ABOUT THIS TASK
Would you print each of the entries below precisely as given?

++++ DATA TO EXAMINE ++++

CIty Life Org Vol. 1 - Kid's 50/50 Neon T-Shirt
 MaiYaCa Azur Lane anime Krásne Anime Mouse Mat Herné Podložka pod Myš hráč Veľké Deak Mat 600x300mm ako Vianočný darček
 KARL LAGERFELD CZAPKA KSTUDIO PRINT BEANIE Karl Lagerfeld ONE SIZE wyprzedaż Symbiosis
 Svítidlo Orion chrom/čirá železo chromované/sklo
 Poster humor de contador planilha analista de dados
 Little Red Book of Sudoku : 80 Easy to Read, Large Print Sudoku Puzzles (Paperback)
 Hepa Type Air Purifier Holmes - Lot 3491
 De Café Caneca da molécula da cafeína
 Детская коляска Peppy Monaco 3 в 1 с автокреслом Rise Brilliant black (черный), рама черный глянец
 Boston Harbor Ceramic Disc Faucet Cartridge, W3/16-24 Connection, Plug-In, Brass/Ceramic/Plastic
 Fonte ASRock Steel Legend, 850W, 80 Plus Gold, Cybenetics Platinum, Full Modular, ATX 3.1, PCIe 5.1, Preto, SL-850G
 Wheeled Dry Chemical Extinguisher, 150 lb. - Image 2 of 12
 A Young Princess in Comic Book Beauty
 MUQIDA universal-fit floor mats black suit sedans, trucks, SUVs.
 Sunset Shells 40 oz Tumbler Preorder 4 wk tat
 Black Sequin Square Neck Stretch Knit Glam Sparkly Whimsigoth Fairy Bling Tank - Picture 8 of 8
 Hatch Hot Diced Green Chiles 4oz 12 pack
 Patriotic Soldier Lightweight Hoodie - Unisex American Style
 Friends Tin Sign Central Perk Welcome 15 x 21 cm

++++

WORKED SOLUTION
CIty Life Org Vol. 1 - Kid's 50/50 Neon T-Shirt
 MaiYaCa Azur Lane anime Krásne Anime Mouse Mat Herné Podložka pod Myš hráč Veľké Deak Mat 600x300mm ako Vianočný darček
 KARL LAGERFELD CZAPKA KSTUDIO PRINT BEANIE Karl Lagerfeld ONE SIZE wyprzedaż Symbiosis
 Svítidlo Orion chrom/čirá železo chromované/sklo
 Poster humor de contador planilha analista de dados
 Little Red Book of Sudoku : 80 Easy to Read, Large Print Sudoku Puzzles (Paperback)
 Hepa Type Air Purifier Holmes - Lot 3491
 De Café Caneca da molécula da cafeína
 Детская коляска Peppy Monaco 3 в 1 с автокреслом Rise Brilliant black (черный), рама черный глянец
 Boston Harbor Ceramic Disc Faucet Cartridge, W3/16-24 Connection, Plug-In, Brass/Ceramic/Plastic
 Fonte ASRock Steel Legend, 850W, 80 Plus Gold, Cybenetics Platinum, Full Modular, ATX 3.1, PCIe 5.1, Preto, SL-850G
 Wheeled Dry Chemical Extinguisher, 150 lb. - Image 2 of 12
 A Young Princess in Comic Book Beauty
 MUQIDA universal-fit floor mats black suit sedans, trucks, SUVs.
 Sunset Shells 40 oz Tumbler Preorder 4 wk tat
 Black Sequin Square Neck Stretch Knit Glam Sparkly Whimsigoth Fairy Bling Tank - Picture 8 of 8
 Hatch Hot Diced Green Chiles 4oz 12 pack
 Patriotic Soldier Lightweight Hoodie - Unisex American Style
 Friends Tin Sign Central Perk Welcome 15 x 21 cm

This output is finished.